#### [Exercise aim]
Retype exactly the span of lines below from the one with "DC Comics Harley" through the one with "Boston Scientific Sterling". Do not include pictures.
(Source records Opens)
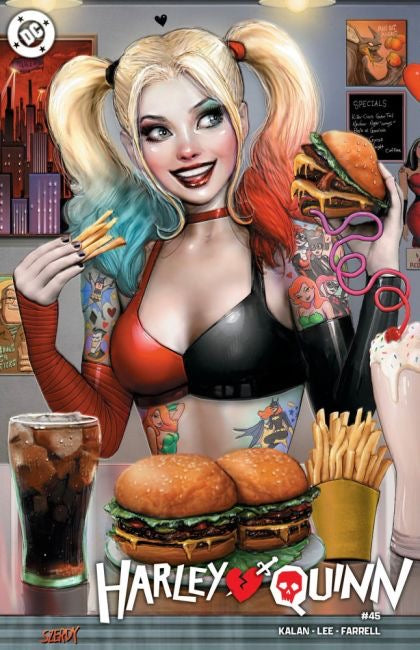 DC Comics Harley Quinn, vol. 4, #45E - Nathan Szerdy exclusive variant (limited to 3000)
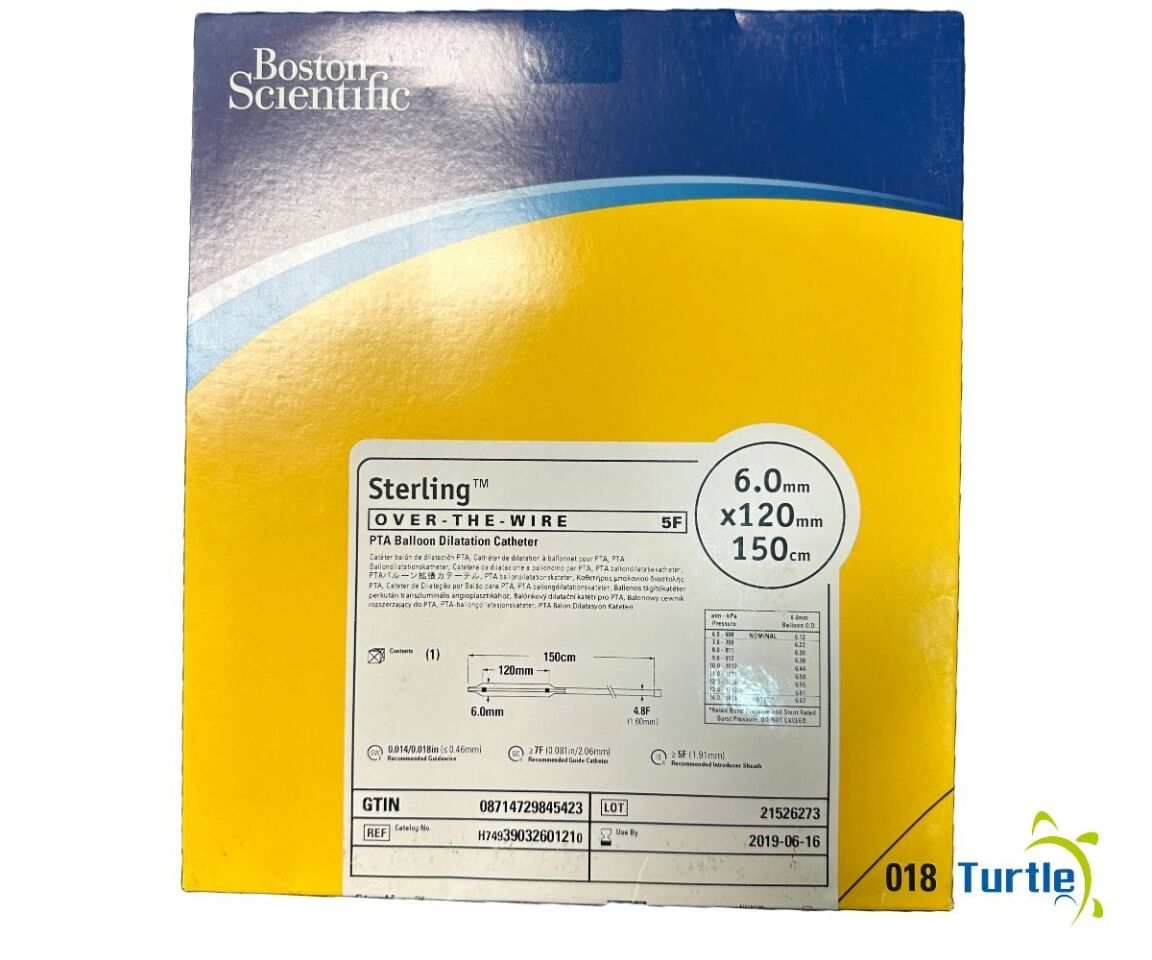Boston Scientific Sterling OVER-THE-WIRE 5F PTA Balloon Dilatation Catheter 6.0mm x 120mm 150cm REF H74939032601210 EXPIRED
(Source records Closes)
(Source records Opens)
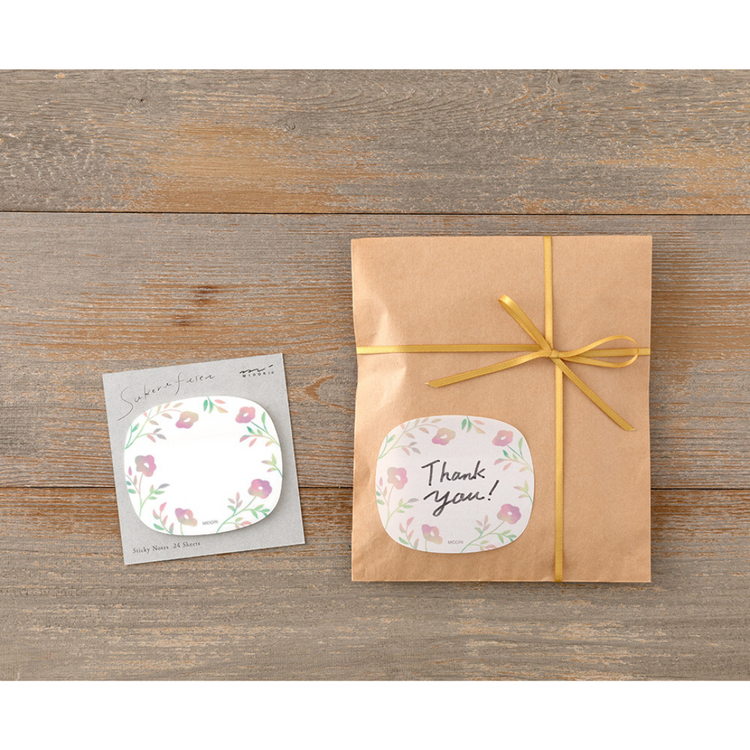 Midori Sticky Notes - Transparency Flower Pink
(Source records Closes)
#### [Exercise answer]
 DC Comics Harley Quinn, vol. 4, #45E - Nathan Szerdy exclusive variant (limited to 3000)
Boston Scientific Sterling OVER-THE-WIRE 5F PTA Balloon Dilatation Catheter 6.0mm x 120mm 150cm REF H74939032601210 EXPIRED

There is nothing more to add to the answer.